1. Description of the Boston House Price Dataset

The dataset was first published in 1978 contains US census data concerning houses in various areas around the city of Boston. Each sample (row) corresponds to a unique area and has about 13 measures (variables/columns).

2. Descriptive

In [None]:
#import libraries
import pandas as pd
from sklearn.datasets import load_boston
from sklearn.feature_selection import RFE
from sklearn.linear_model import LinearRegression
from sklearn import preprocessing
from sklearn.model_selection import train_test_split
import numpy as np
import seaborn as sns
import matplotlib.pyplot as plt
%matplotlib inline
import scipy
from scipy.stats import mstats
from scipy.stats import kruskal
import statsmodels.api as sm
from keras.models import Sequential
from keras.layers import Dense

In [None]:
#Load the Boston Housing dataset from sklearn.datasets
df = load_boston()

In [None]:
# Description of the dataset
df.DESCR

In [None]:
#Shape - visualization of the length and the breadth of the dataset
df.data.shape

In [None]:
#Conversion to numpy array - target is the variable MEDV (input is the price and the outputs are the 'feature names')

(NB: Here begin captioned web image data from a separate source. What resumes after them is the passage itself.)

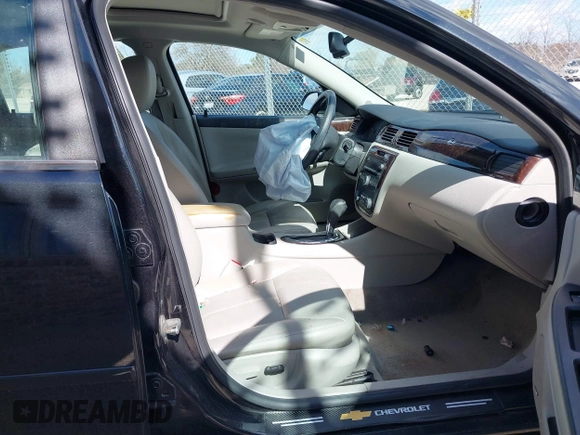 2012 Chevrolet Impala LTZ with VIN 2G1WC5E38C1185191, listed as a IAAI auction lot 41877040 with 99,315 mi miles and . Bid and sale history available at DreamBid. Image 5.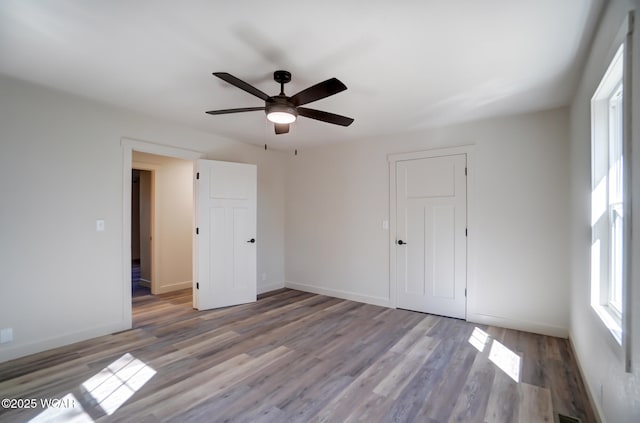unfurnished bedroom with visible vents, baseboards, ceiling fan, and wood finished floors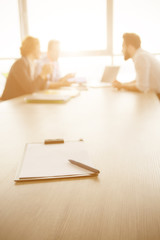 Toned focus on contract for new worker. Freelancer and businessmen represented on background....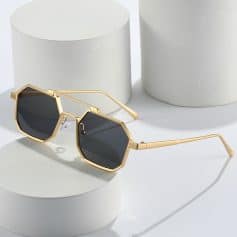 Gold frame sunglasses with dark lenses on white geometric blocks for Monalisa Store optometry and eyewear fashion.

df_bsn = pd.DataFrame(df.data,columns=df.feature_names)
df_bsn['target'] = pd.Series(df.target)

df_bsn = pd.DataFrame(df['data'], columns=df['feature_names'])
df_bsn['target'] = df['target']

In [None]:
#Checking missing data
df_bsn.isnull().sum()

In [None]:
#Check the first rows
df_bsn.head()

In [None]:
#Return a Numpy representation of the DataFrame - check if the dataset is stored in an array
df_bsn.values

In [None]:
#Summary and description of the dataset to get a detailed statistical information for each column

df_bsn.describe()

In [None]:
sns.pairplot(df_bsn, hue="CHAS", markers=["o", "s"])

In [None]:
sns.pairplot(df_bsn, hue="CHAS", vars=["CRIM", "LSTAT", "B", "DIS", "ZN", "RM", "target"])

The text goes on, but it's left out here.